A few of the questions to consider when thinking about your current situation:

 • Is there a solve-able problem at your current firm?
   - If yes, have you communicated with someone that is empowered to make that change?
   - Have you given your firm an adequate amount of time to make the necessary changes?

 • If you’re a ladder climber, and opportunity knocks, is it worth going after your destiny or is it
   better to vest more time with your current employer?

   - How much risk is involved?
   - What is the upside vs. downside?

If you have taken some time to consider those questions and you still aren’t sure if it’s time to change jobs, there are a few indicators to help you figure it out. Below are some of the situations that might mean its time to start looking at what’s out there:

You don’t fit in.  Maybe you and your coworkers are like oil and water; or maybe you have serious value differences with the company on how the business is run.
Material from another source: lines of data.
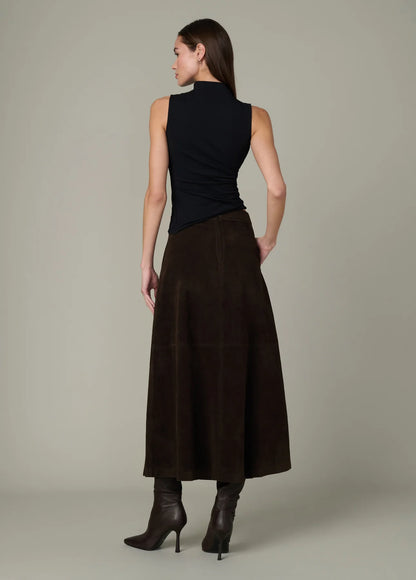 Full-length back view of the black Dove Top paired with a brown midi skirt and dark boots.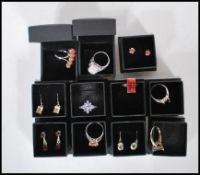 A collection of eleven cased silver ( stamped 925 ) dress rings and earrings, set with coloured
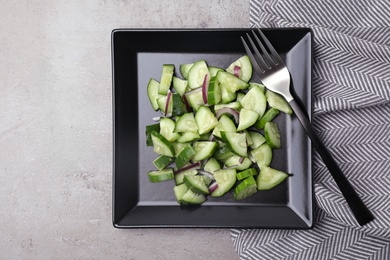 Plate of vegetarian salad with cucumber and onion served on table, flat lay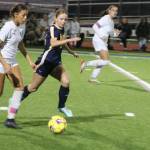 Spartan Eliza Jurcak keeps up with a Selah player in a 1-0 home win over the Selah Vikings Nov. 12 in the first round of the 2A state tournament.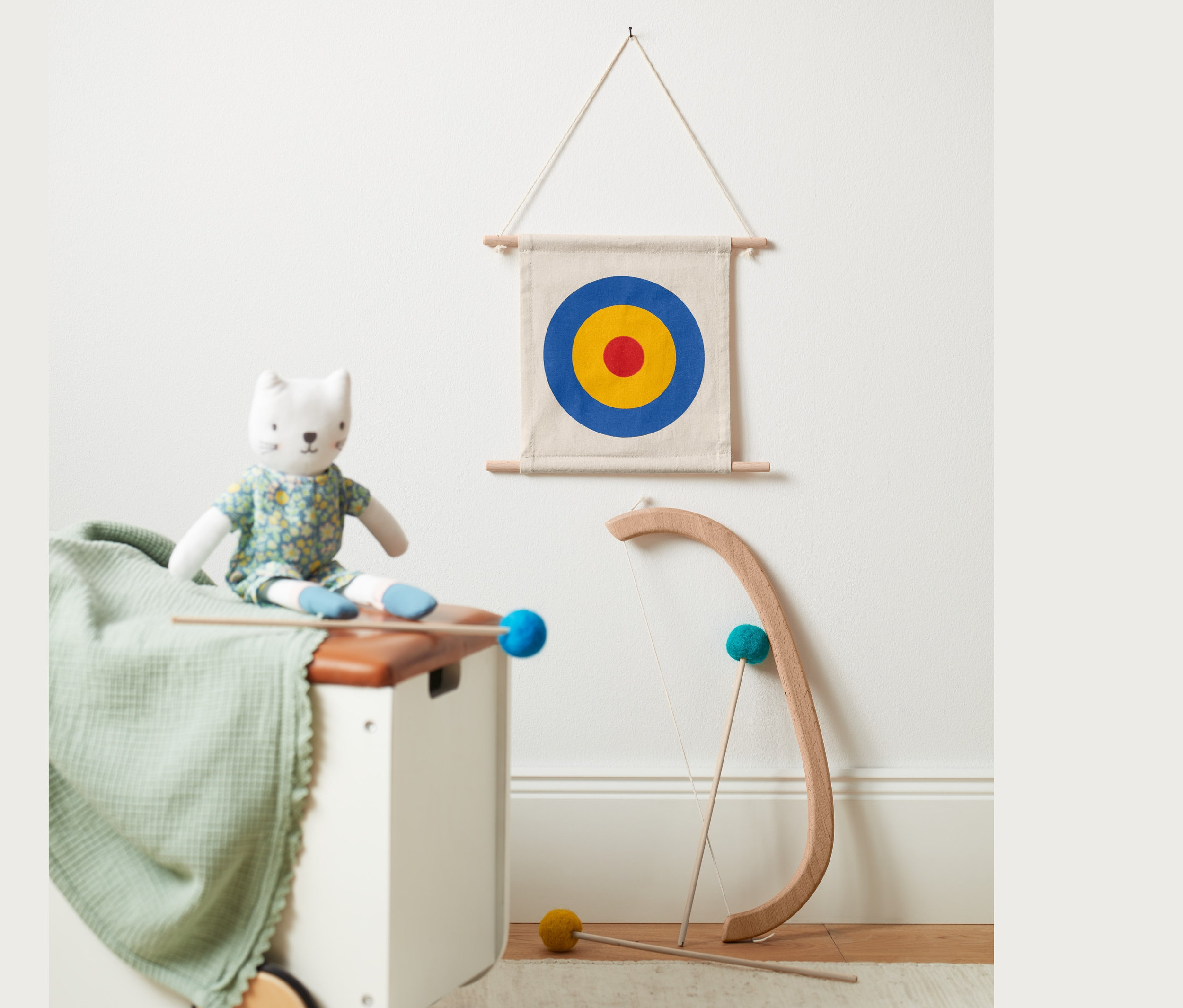 Eine Stoffkatze sitzt auf einer Truhe neben einem Pfeil-und-Bogen-Set und einer Zielscheibe.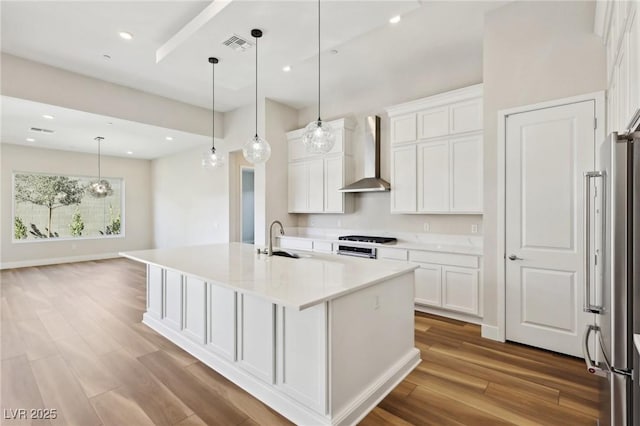 kitchen featuring white cabinetry, hanging light fixtures, a kitchen island with sink, stainless steel appliances, and wall chimney range hood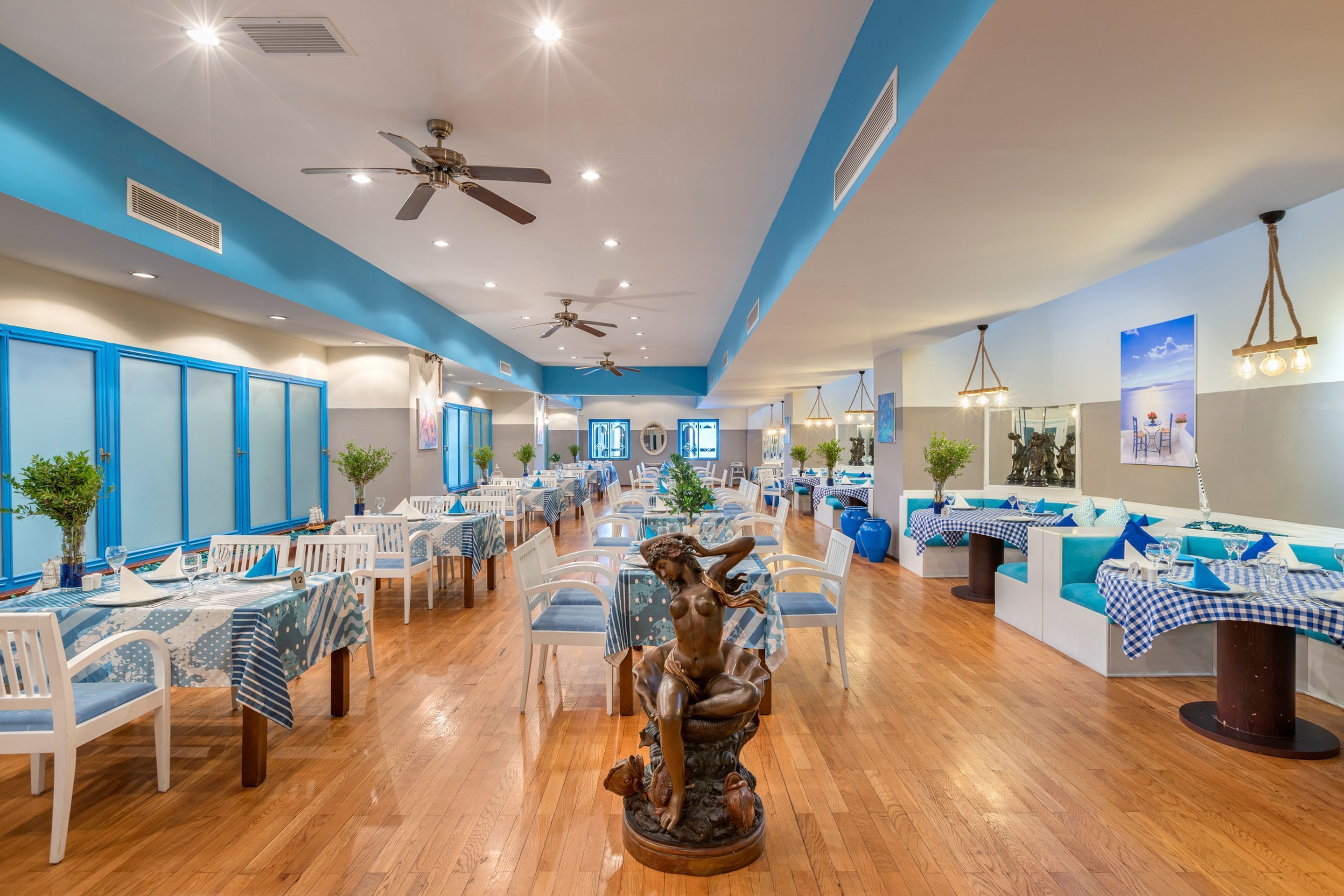 Un restaurante espacioso con techos altos, ventiladores de techo y una estatua central. Las mesas están dispuestas con manteles a cuadros azules y blancos, y hay plantas en macetas y obras de arte en las paredes.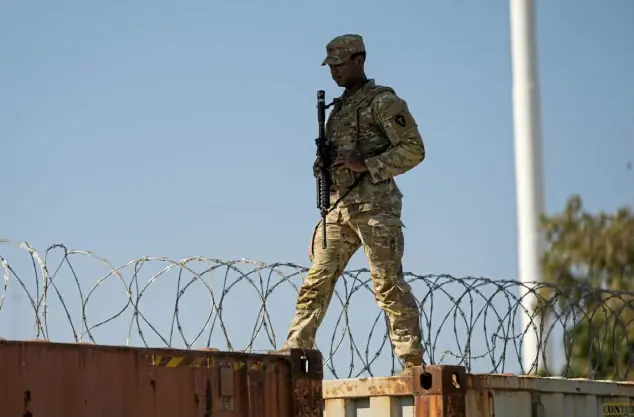  ?? Associated Press ?? A guardsman walks over rail cars with concertina wire along the Texas-Mexico border.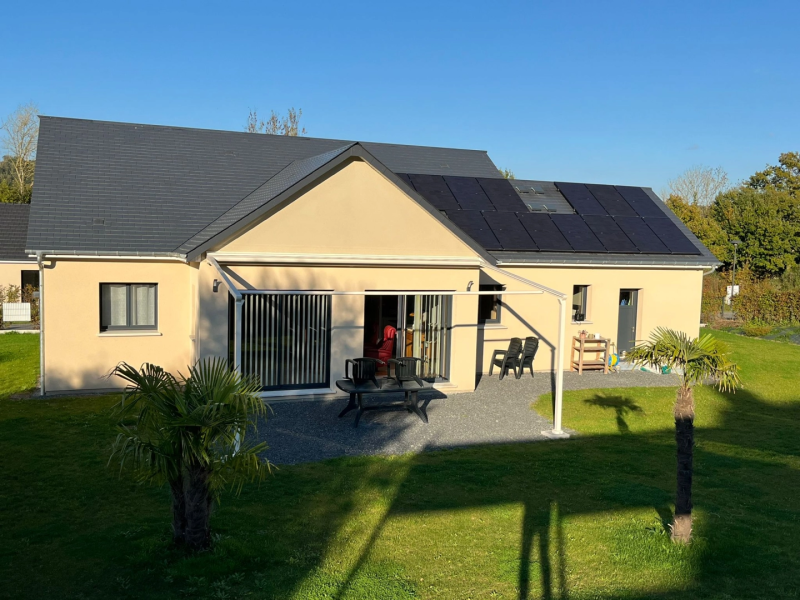 Storgola blanche, store vertical gris, terrasse gravier et panneaux solaires sur toiture ardoise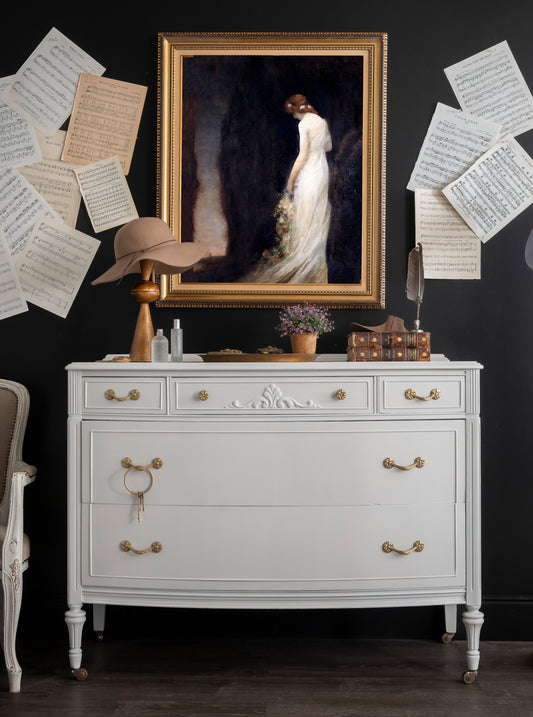 White dresser with gold accents against a dark wall with framed artwork and papers.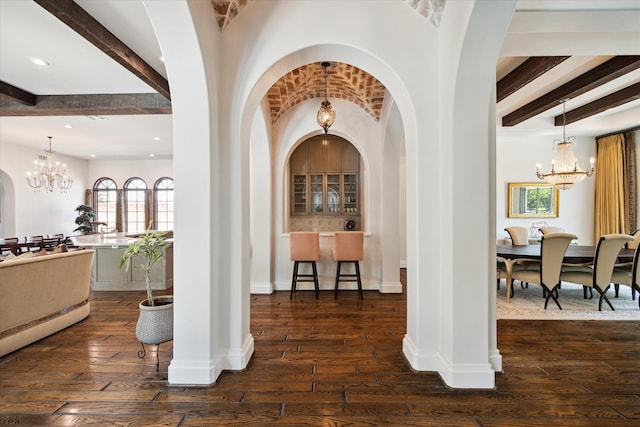 entrance foyer with a chandelier, beamed ceiling, and dark hardwood / wood-style floors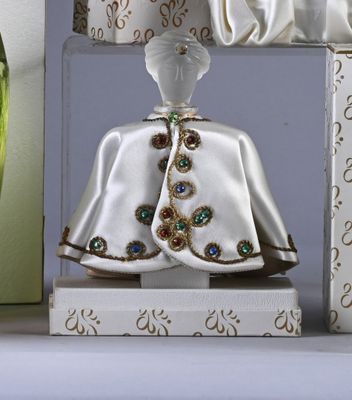 a figurine of a woman in a white dress on a shelf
Your career hasn’t gone anywhere since you got there and you can’t see “up”. Having room to grow and learn is important in a career; you do a better job when you’re engaged in what you’re doing.  Whether it’s getting a promotion or just expanding your skill set, new responsibilities can help you enjoy your job more.

Your personal values and needs have changed. You could have had the “perfect job” at one point, but because of a changing lifestyle or different family needs your job doesn’t fit you anymore.

You’re not valued. If you feel like you’re not appreciated or that you’re “just a number” for the company. Great employees want to feel like they’re making a difference and not just punching a timecard.

You dread going to work in the mornings Think about where your current level of satisfaction is on a scale of 1 to 10 (10 you jump up on Mondays and are glad the weekend is finally over, 1 someone has to convince you to go back to work on Monday) at your current position. If you stay where you are, will that still be how you feel one year from now?

While it can be scary to consider leaving your current position, you should remember that you deserve to have a job that you love where you are able to show your full potential and you feel appreciated for the job that you do.